Ce rôle accordé à l’alphabétisation dépasse d’ailleurs largement les frontières de l’hexagone, comme le montre la première définition internationale de l’illettrisme, nommé alors analphabétisme fonctionnel - pour marquer l’opposition à l’analphabétisme – que propose l’UNESCO « est fonctionnellement analphabète une personne incapable d’exercer toutes les activités pour lesquelles l’alphabétisation est nécessaire dans l’intérêt du bon fonctionnement de son groupe et de sa communauté et aussi pour lui permettre de continuer à lire, écrire et calcul en vue de son propre développement et de celui de sa communauté » (UNESCO, 1978 citée par Besse, 1995). Plus récemment, l’étude internationale de l’OCDE « International Adult Literacy Survey » (1995) s’appuie sur le principe que « la littératie 11 est un déterminant puissant des chances de vie individuelles et de la qualité de la vie. C’est aussi vrai dans le contexte plus large des pays : la littératie générale a un effet démontrable sur le bien-être des économies et des sociétés» (cité par Blum & Guérin-Pace, 2000, p.90). Dans la lignée de la précédente, l’étude « Littératie et Société du savoir » (OCDE, 1997) rappelle que « la littératie est une condition sine qua non pour que chacun participe avec dynamisme et en toute équité à la vie sociale, culturelle, politique et économique, participation à la base même de la stabilité sociale et du développement économique » (OCDE, 1997, p.3).

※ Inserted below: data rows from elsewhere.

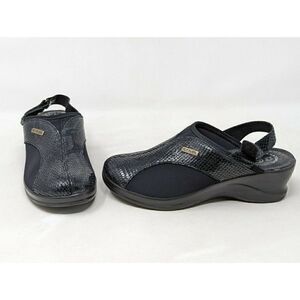 FLY FLOT SANDALS BLACK LEATHER SNAKESKIN BACK STRAP WOMENS SIZE US 6.5 EU 38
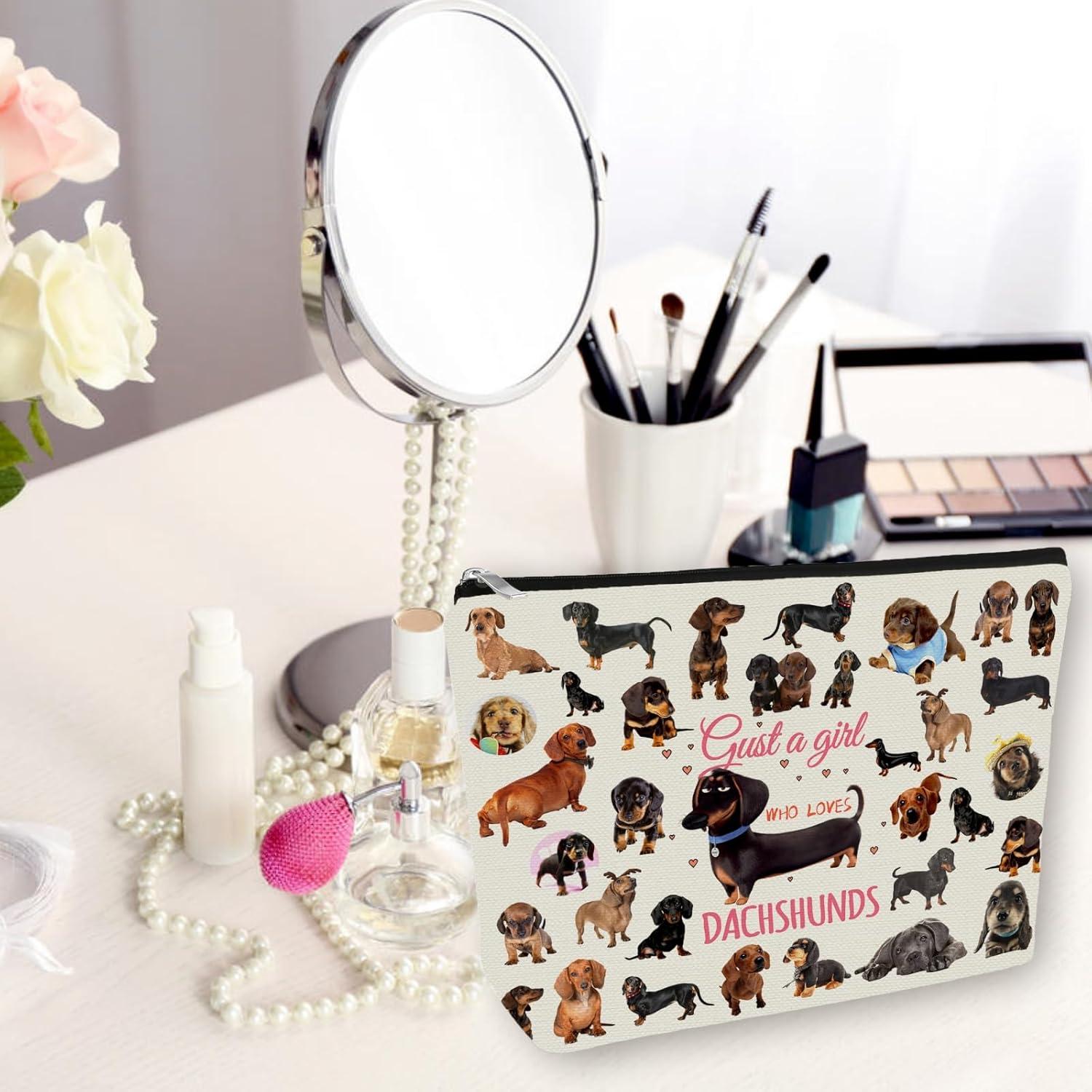 Bolsa de Maquillaje Dachshunds Girlly-G5800 Impermeable 24.89x18.03cm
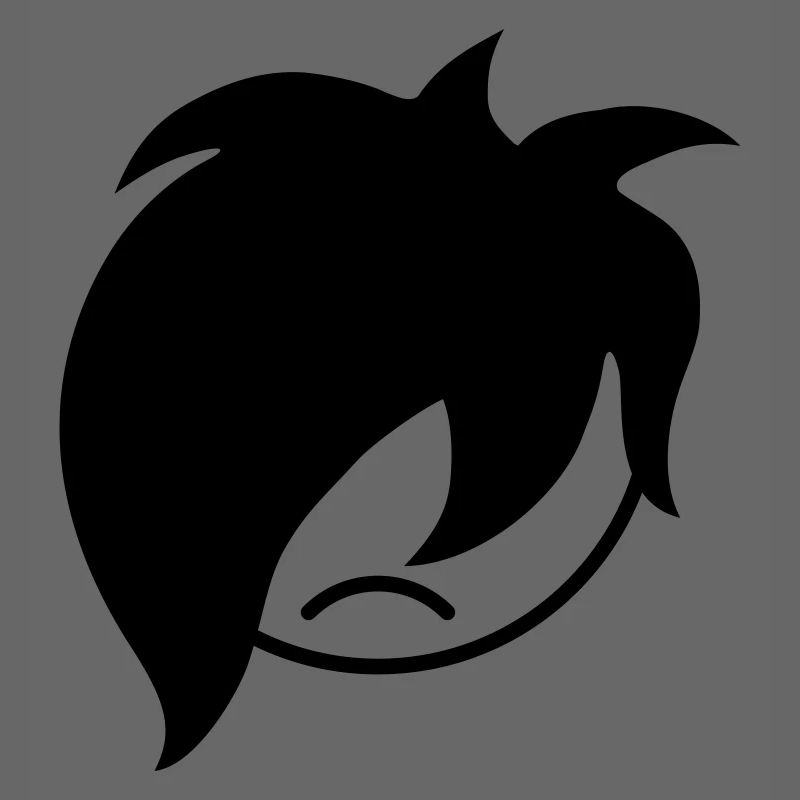 Sad unhappy emo long black hair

Même si cela n’est pas toujours clairement exprimé, on comprend donc pourquoi l’illettrisme, traité sur le mode émotionnel, a le vent en poupe auprès entre autres des média, en raison des dangers qu’il ferait peser sur la société. Les discours publics qu’il suscite le représentent comme une réalité à la fois incontestable et bien définie, aisément quantifiable. Il n’en reste pas moins, cependant, qu’une partie des auteurs reconnaît qu’il règne une grande confusion autour de ce concept, ce qui nécessite de notre part de procéder à un travail de clarification, en particulier des critères de définition opérationnelle.

Notes
11.

La littératie est alors définie comme l’aptitude à comprendre et à utiliser l’information écrite dans la vie courante, à la maison, au travail et dans la collectivité en vue d’atteindre des buts personnels et d’étendre ses connaissances et ses capacités. Définition citée par Blum et Guerin-Pace (2000, p. 8).